Title: Understanding and Exploring Serverless Cloud Computing
Speaker: Johann Schleier-Smith
Advisor: Joseph M. Hellerstein
Date: Thursday, December 16, 2021
Time: 10:30 am – 11:30 am PT
Meeting ID: 926 2006 0821
Passcode: 529703
The past few years have seen a wave of enthusiasm for serverless computing, and we begin this talk by analyzing the marketplace trends and underlying technical factors that have shaped the movement. We find that serverless computing addresses programming challenges in the same class as those that high-level programming languages address, suggesting that serverless computing may be viewed as high-level programming for distributed systems.
We next turn our attention to one of the key shortcomings of serverless: the integration between compute and state. We develop FaaSFS, a distributed file system that is compatible with POSIX applications but uses a novel consistency model with relaxed real-time ordering constraints. We call this model externally consistent sequential consistency (ECSC), and demonstrate how it can scale an existing web application to 10,000 serverless processes.
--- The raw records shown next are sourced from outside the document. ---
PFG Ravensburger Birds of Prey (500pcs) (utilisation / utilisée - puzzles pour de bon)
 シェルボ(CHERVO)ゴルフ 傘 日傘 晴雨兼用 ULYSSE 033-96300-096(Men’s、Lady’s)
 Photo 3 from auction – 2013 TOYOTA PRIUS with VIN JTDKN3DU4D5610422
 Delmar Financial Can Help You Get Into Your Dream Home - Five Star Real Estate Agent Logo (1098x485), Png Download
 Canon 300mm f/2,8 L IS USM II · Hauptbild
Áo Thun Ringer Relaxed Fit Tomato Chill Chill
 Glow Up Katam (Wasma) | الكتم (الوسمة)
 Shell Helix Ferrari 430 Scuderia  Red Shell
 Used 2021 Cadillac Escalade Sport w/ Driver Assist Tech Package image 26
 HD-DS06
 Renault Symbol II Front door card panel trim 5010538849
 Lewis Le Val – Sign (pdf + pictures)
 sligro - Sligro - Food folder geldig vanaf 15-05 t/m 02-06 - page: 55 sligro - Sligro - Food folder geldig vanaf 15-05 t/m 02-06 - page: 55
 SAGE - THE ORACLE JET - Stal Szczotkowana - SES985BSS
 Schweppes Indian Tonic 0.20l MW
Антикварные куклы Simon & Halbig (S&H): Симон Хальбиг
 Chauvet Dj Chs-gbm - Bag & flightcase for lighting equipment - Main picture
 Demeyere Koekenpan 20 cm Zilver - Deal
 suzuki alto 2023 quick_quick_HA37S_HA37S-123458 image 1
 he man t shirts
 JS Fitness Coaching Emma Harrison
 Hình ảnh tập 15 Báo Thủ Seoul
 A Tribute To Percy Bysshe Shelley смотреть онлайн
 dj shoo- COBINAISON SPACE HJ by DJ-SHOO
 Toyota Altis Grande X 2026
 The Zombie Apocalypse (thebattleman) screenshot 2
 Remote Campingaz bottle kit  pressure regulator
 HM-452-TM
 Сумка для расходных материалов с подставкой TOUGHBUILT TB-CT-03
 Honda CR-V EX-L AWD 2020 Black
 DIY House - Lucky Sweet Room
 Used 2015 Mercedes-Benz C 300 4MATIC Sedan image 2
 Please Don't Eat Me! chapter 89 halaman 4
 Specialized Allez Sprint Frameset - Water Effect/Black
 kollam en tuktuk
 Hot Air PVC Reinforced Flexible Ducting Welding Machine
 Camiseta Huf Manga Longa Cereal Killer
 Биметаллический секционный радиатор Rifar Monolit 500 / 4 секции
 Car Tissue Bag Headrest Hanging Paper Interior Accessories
Lastly, we explore whether serverless computing might lead to the demise of server hardware. By applying Amdahl’s law and scaling rules for interconnect costs, we show that applications that rely on coordination protocols are particularly dependent on large servers for scalability. By contrast, those implemented with coordination-free protocols can run well on collections of small low cost servers, or on disaggregated hardware. Both approaches will likely continue to coexist, suggesting that a need for underlying server hardware will remain even as serverless abstractions thrive.